I have another machine with GTX1080Ti running Ubuntu. Same code, the results are:

```
float64 (1000, 1000) torch.float64 torch.Size([1000, 1000]) torch.float64 torch.Size([1000, 1000])
[-20.90456457 63.66601763 4.60530742 -38.41815213 -50.70685021]
tensor([-20.9046, 63.6660, 4.6053, -38.4182, -50.7069], dtype=torch.float64)
error: 0.0 0.0 0.0
error: 0.0 0.0 0.0
tensor([-20.9046, 63.6660, 4.6053, -38.4182, -50.7069], device='cuda:0',
dtype=torch.float64)
error: 0.0 0.0 0.0
error: 2.4674370506863396e-08 2.4674370506863395e-14 2.4656188542088475e-14
float32 (1000, 1000) torch.float32 torch.Size([1000, 1000]) torch.float32 torch.Size([1000, 1000])
[-20.904562 63.666027 4.605306 -38.418148 -50.706852]
tensor([-20.9046, 63.6660, 4.6053, -38.4181, -50.7069])
error: 0.0 0.0 0.0
error: 0.0 0.0 0.0
tensor([-20.9046, 63.6660, 4.6053, -38.4181, -50.7068], device='cuda:0')
error: 0.0 0.0 0.0
error: 10.073770523071289 1.0073770681628957e-05 9.016605872602668e-06
```

The difference between CUDA/CPU results is much smaller this time. Both machines runs PyTorch 1.10 with CUDA toolkit 11.3.

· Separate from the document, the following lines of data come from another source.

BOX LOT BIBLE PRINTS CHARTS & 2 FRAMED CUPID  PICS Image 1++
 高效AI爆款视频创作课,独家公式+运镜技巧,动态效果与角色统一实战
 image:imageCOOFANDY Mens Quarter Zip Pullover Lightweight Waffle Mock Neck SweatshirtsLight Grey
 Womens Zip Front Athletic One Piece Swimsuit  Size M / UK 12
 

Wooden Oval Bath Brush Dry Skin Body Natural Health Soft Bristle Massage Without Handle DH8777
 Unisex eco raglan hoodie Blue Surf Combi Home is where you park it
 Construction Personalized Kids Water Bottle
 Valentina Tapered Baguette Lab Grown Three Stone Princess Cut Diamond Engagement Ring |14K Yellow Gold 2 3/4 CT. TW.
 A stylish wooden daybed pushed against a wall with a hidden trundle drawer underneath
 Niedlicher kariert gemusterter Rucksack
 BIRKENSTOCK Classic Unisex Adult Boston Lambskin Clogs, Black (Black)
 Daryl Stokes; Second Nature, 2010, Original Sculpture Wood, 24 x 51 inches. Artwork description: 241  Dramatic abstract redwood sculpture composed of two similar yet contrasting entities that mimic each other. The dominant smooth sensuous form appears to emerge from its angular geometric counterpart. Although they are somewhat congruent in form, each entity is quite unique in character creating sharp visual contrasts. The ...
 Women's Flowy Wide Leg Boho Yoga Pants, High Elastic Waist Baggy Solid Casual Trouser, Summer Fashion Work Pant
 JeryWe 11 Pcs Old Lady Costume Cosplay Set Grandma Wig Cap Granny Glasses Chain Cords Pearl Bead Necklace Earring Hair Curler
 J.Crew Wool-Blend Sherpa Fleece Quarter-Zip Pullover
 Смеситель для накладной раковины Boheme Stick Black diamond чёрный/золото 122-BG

From the results, the difference comes from the matrix multiplication operation, instead of copying tensors from RAM to GPU. For Windows, the error is really high for 32-bits floats. I think the results are not very reliable anymore. I tested matrix adding too, but there was no error at all. Can anyone familiar with the underlying GPU implementation of PyTorch explain? Thank you!